Our current living room is about the same size, but has more wallspace, so I wasn’t sure how we were going to fit everything. To get a better idea, I measured the walls and our furniture, and used FloorPlanner.com to create a rough layout.

Glitter and Goat Cheese - FloorPlanner.com - Floor plan of living room and dining room

Glitter and Goat Cheese - FloorPlanner.com - 3-D Living room and dining room

We’re keeping our current furniture for now, but I can’t wait to replace our dingy beige couches with something charcoal and velvet. My goal is for the living room to feel comfortable, but stylish. Fashionable AND functional. I don’t want anything fussy or formal, and I want people to walk in and feel at home.

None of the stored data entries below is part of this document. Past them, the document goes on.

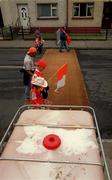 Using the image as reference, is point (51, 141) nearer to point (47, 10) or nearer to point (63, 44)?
point (63, 44)

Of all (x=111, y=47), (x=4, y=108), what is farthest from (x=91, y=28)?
(x=4, y=108)

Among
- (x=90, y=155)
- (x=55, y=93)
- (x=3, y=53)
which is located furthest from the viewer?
(x=3, y=53)

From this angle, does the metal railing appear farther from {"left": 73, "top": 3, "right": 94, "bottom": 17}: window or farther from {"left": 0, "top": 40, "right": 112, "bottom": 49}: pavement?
{"left": 73, "top": 3, "right": 94, "bottom": 17}: window

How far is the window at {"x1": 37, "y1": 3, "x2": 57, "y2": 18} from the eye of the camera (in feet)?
72.1

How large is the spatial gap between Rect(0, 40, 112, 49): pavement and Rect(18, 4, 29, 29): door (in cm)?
381

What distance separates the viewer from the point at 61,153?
10.3ft

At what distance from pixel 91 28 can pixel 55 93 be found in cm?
1554

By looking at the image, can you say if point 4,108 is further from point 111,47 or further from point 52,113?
point 111,47

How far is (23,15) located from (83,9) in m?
6.47

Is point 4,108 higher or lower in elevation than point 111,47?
lower

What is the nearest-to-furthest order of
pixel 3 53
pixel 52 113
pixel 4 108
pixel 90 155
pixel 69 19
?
1. pixel 90 155
2. pixel 52 113
3. pixel 4 108
4. pixel 3 53
5. pixel 69 19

Here are some of my favorite inspiration photos:

Glitter and Goat Cheese - Warm living room via Marcus Design
Karen‘s home via Marcus Design

Glitter and Goat Cheese - Jennifer Margolin's home via Glitter Guide
Jennifer Margolin‘s home via Glitter Guide

Glitter and Goat Cheese - Erika Brechtel's home via Glitter Guide
Erika Brechtel‘s home via Glitter Guide

Glitter and Goat Cheese - Victoria Webster's home via Marcus Design
Victoria Webster’s home via Marcus Design

Glitter and Goat Cheese - Living room via Savvy Home Blog
Via Savvy Home

Glitter and Goat Cheese - Lauren Seeman's home via Small Shop
Lauren Seeman’s home via Small Shop

While I was collecting these, I noticed that almost all of them have several things in common: Neutral-colored walls; neutral-colored, comfortable-looking couches; pops of color via accessories, textiles and art; brass/gold accents; and fur/sheepskin pieces. I have most of these covered already, and will definitely be introducing more. I have to squeeze in a gold spray-painted Vittsjo hack (like this one) somewhere!

So, them’s the plans for the dining and living rooms. And that’s the entire first floor of our house! It’s not super-spacious, but it’s cozy, and we love it.

Got any suggestions? I’d love to hear them!